By Omuno Mogga Otto
Few days ago, the Head of State decided to remove the Governor of the Central Bank of South Sudan (BSS) Dr. Othom Rago Ajak and replaced him with his Deputy, Dier Tong Ngor. The move came after the fluctuating exchange rate of one United States (US) dollar against the local South Sudanese Pounds (SSP) has reached a figure of 330 SSP a few weeks ago.
The economic crisis in this country started right from the time the former Governor of the Central Bank Kornelio Koryom in collaboration with the Ministry of Finance and National Economy lifted the fixed exchange rate in December 2015 and replaced it with a floating one.
Another reason that has led to the drop of economic activities in the country is the ongoing war in the country and the decrease in both the production of the crude oil and its price of sales per barrel in the international market.

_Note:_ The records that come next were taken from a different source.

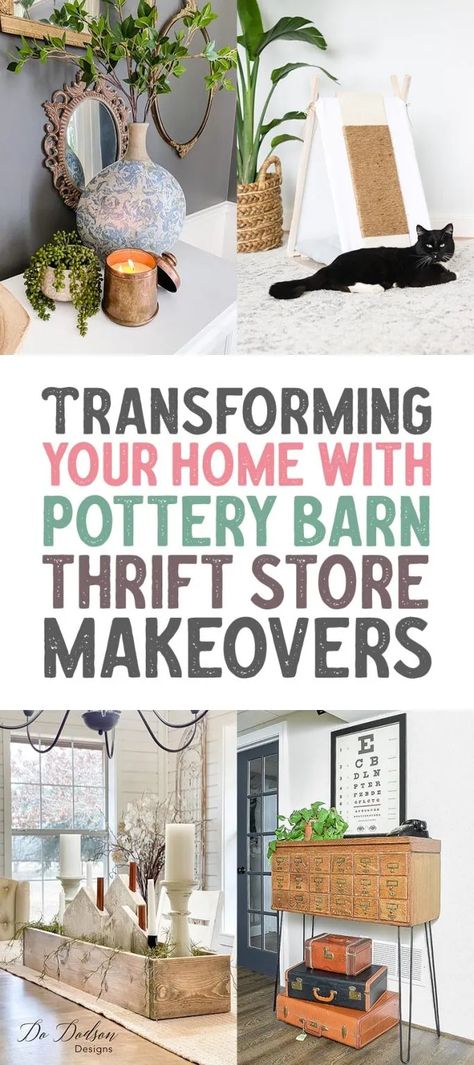 Transforming Your Home with Pottery Barn Thrift Store Makeovers - The Cottage Market Diy Pottery Barn Decor, Tv Tray Makeover, Thrift Store Makeover Ideas, Pottery Barn Hacks, Pottery Barn Diy, Pottery Barn Black, Pottery Barn Decor, Barn Hacks, Wood Box Centerpiece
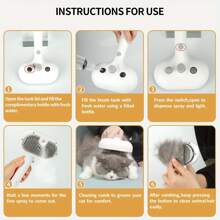 1pc Pet Massage Comb, Pet Spray Brush For Shedding, Massage, Pet Hair Removal Tool, Undercoat Brush With USB Rechargeable & Water Tank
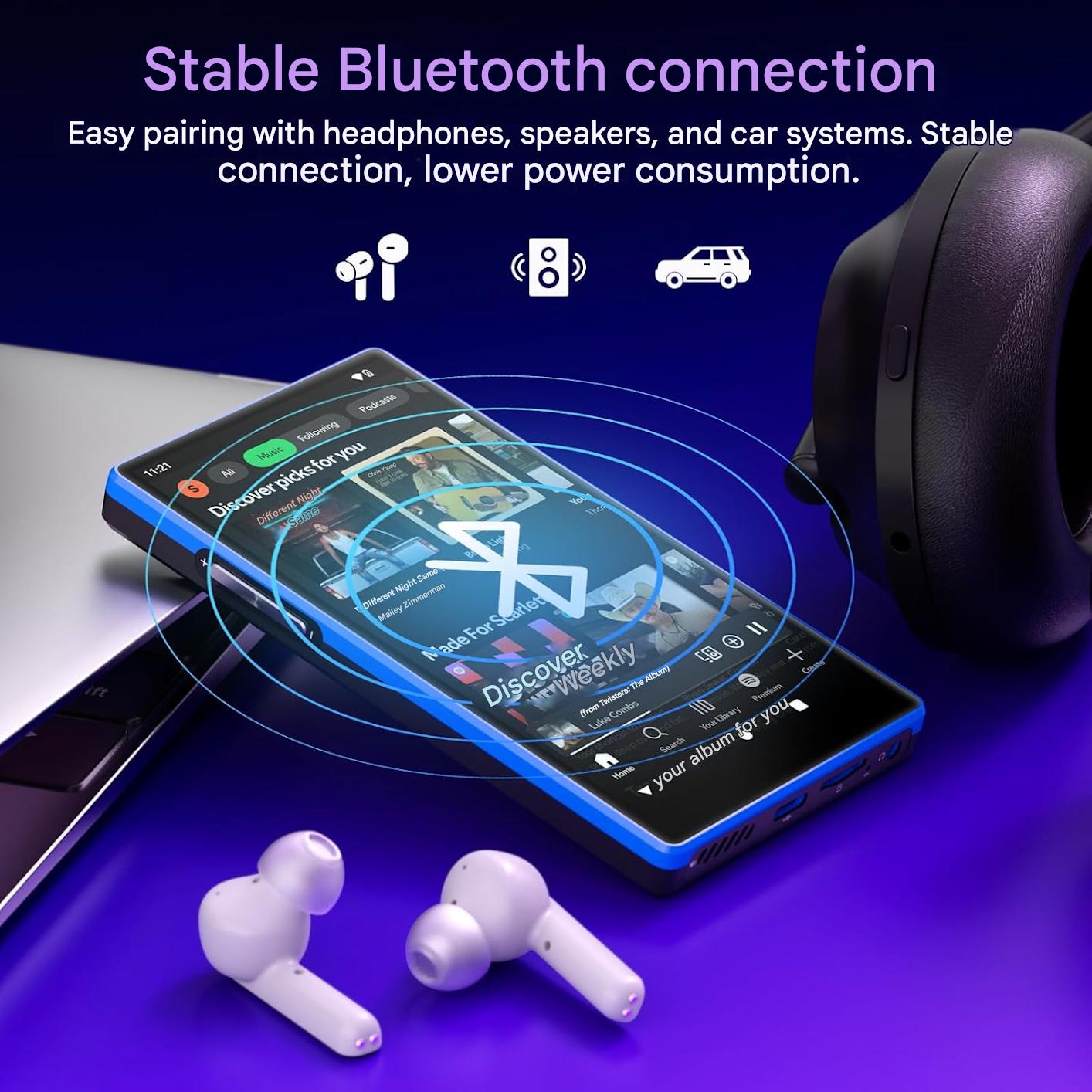 MP3 Player Android 160GB (32GB + 128GB), ecran de 5 inch HD, Android 13, 4GB RAM, Octa-Core, Bluetooth 5.0, WiFi Dual Band, Radio FM, mod copii, compatibil Spotify, Amazon Music, Deezer, Audible, baterie 2500mAh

If the policy of devaluing the local currency against the hard currency is extended up to the end of the year, the economic crisis will definitely continue to be alarming and the suffering of the common citizens in the country will worsen. The more the floating exchange rate remains in the economic system the more the majority will continue to suffer due to lack of food, medicine and other essential commodities needed for daily domestic consumption.

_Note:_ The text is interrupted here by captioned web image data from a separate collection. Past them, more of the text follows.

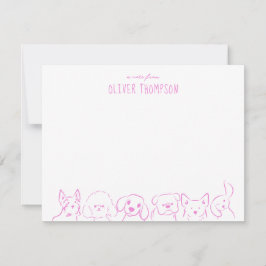 Cartão de Nota de Desenho de Cachorro Fofo Animal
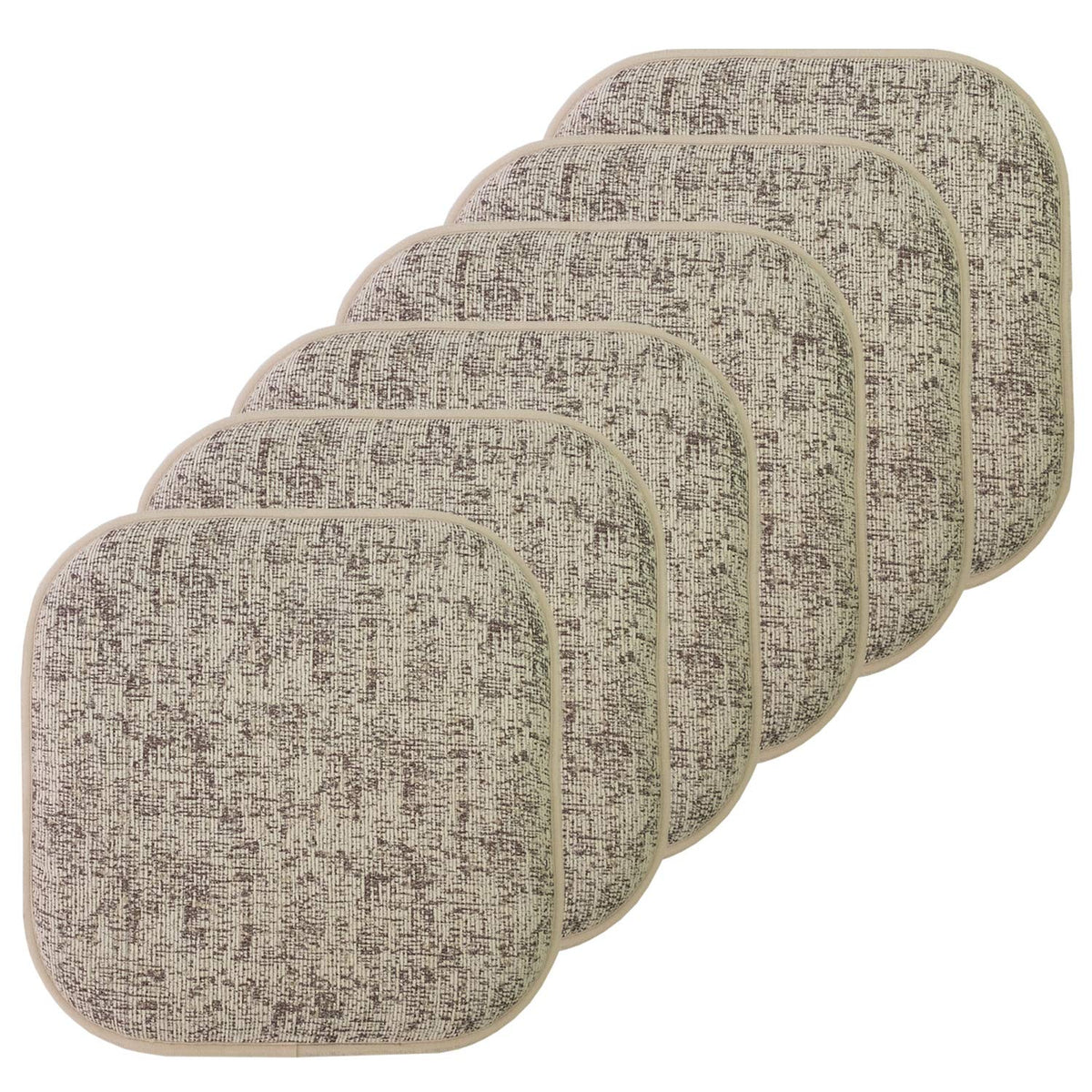 Sweet Home Collection Chair Cushion Memory Foam Pads Honeycomb Pattern Slip Non Skid Rubber Back Rounded Square 16" x 16" Seat Cover, 4 Pack, Alexis Chocolate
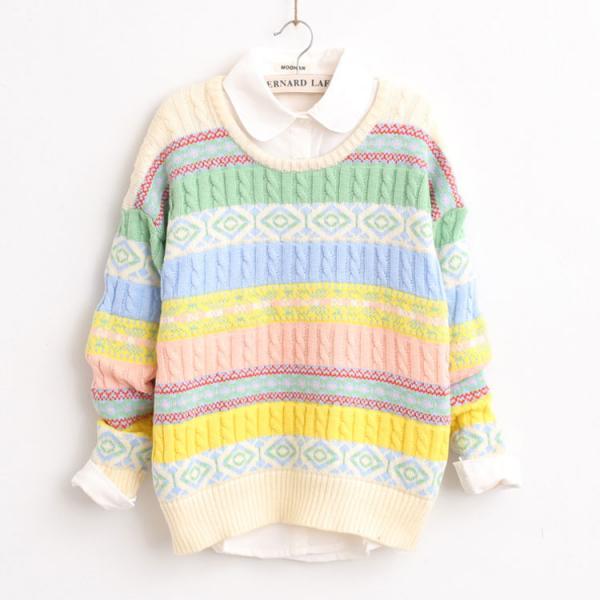 Loose Round Neck Long-sleeved Jacquard Sweater SF91005JL on Luulla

In the coming months, the economy of the country will face more challenges if the political situation in the country remains without a hope for true peace. The performance of agricultural sector has declined because of war. The rate of investment in the country has dropped. Many big investment companies that were previously operating very well have either reduced their activities or closed down simply because the war and insecurity has been the main obstacle blocking the opportunities for development of the country’s economy which is characterized by ethnic divisions in the country.
The new administrative changes may not help if the floating exchange rate in the Central BSS remains the same, without a bold and quick solution. The government should urgently remove the idea of keeping the floating exchange rate and create a means through borrowing to announce a fixed exchange rate sooner than later. The public is not benefiting from the floating exchange rate. Instead it is forcing the majority to survive below 3 dollars per a day.

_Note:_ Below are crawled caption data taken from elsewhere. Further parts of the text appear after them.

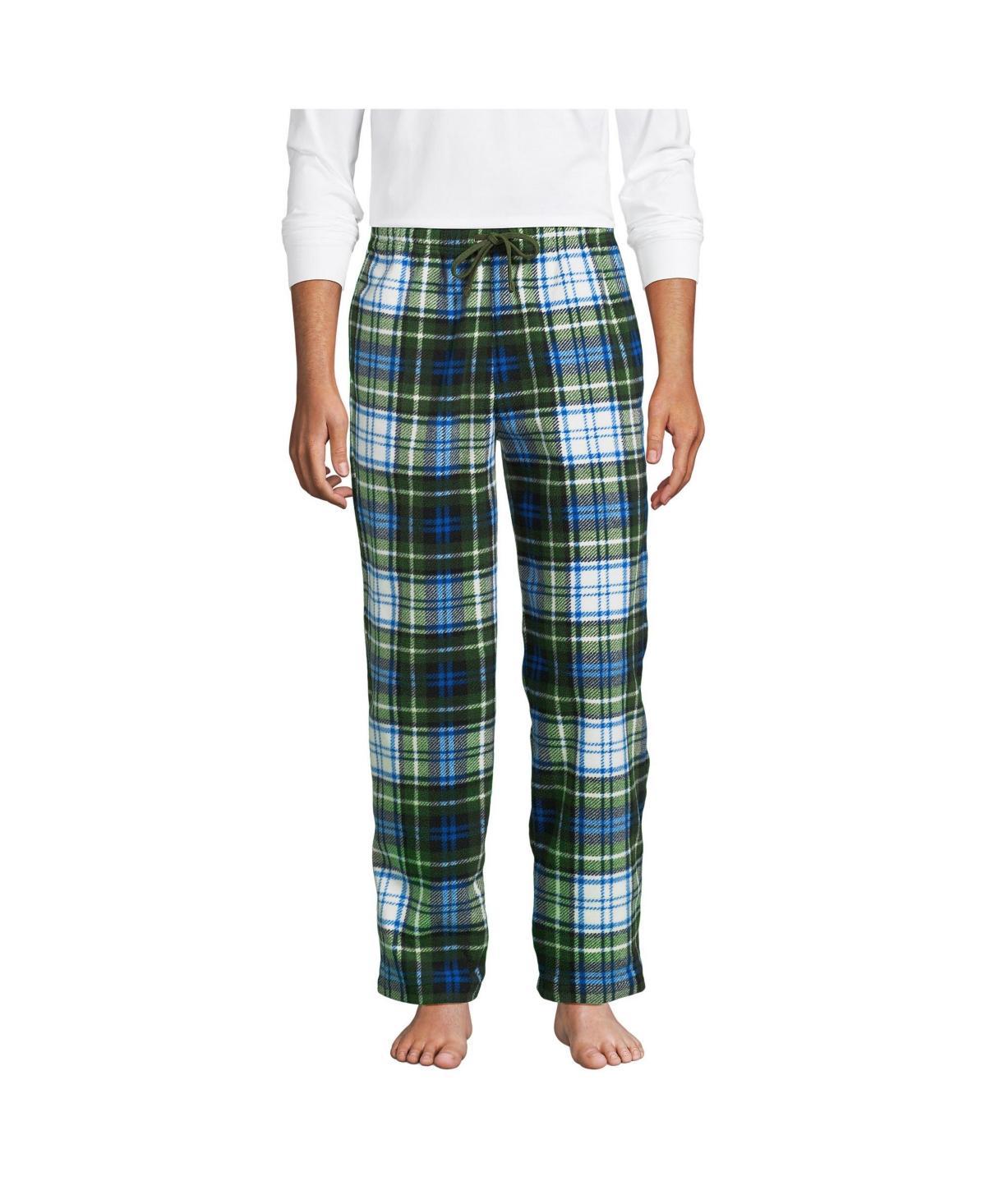 Men's Lands' End Solid Fleece Pajama Pants, Size: Large, Deep  Blue Product Image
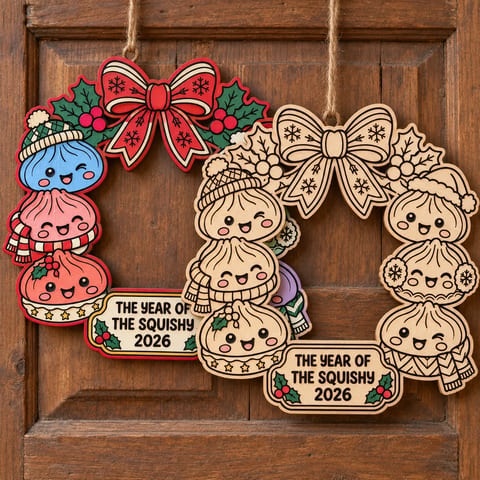 Painted and unpainted kawaii dumpling Christmas wreaths hanging side by side on a wooden door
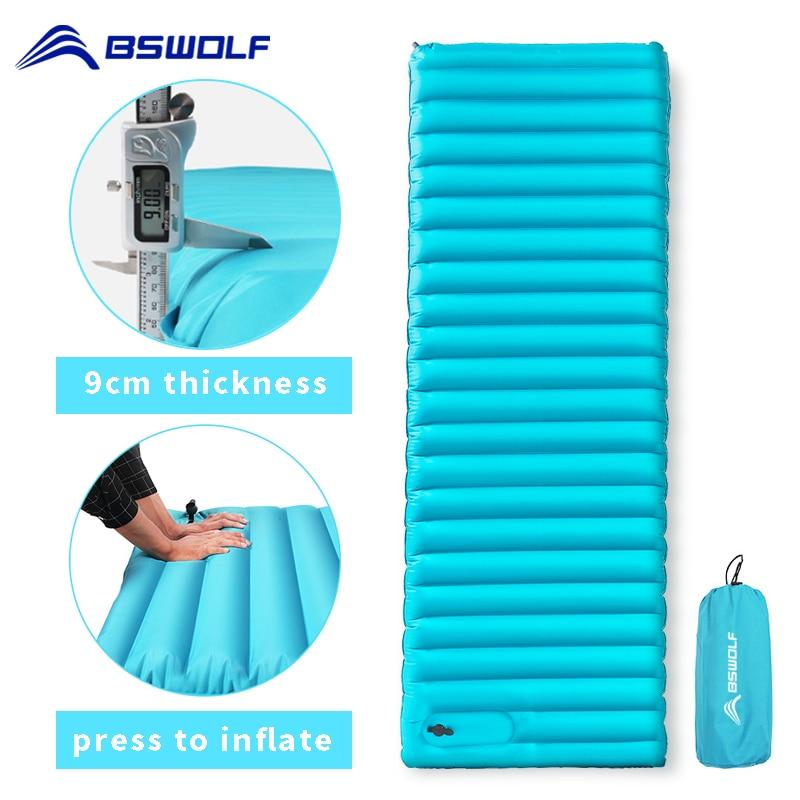 BSWOLF Inflatable Sleeping Mat Ultralight Air Mattress Single-Moisture-proof Pad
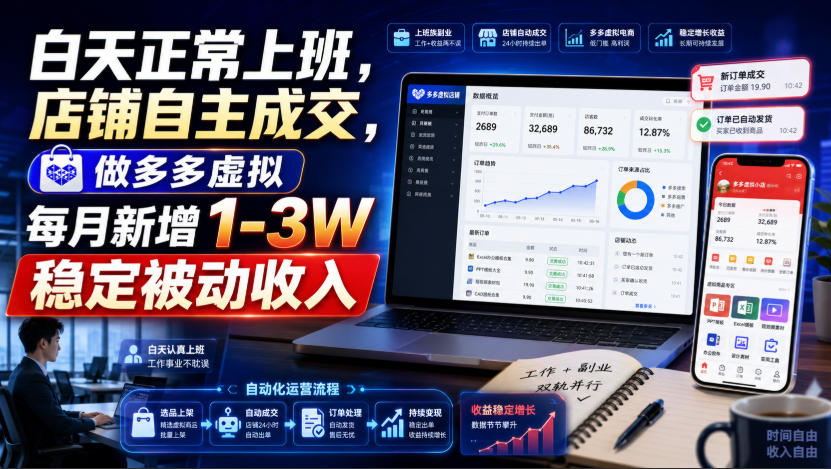 白天正常上班，店铺自主成交，做多多虚拟每月新增1-3W稳定被动收入【揭秘】-985网创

The policy of depreciating the local currency is the main factor continuously contributing to what is called high inflation in the market coupled with the ongoing war in the country.
The danger is that such policies may lead to a total economic collapse especially if the political temperature in the country does not change positively and does not become friendly to all the sons and daughters of South Sudan who are aiming for peace and stability.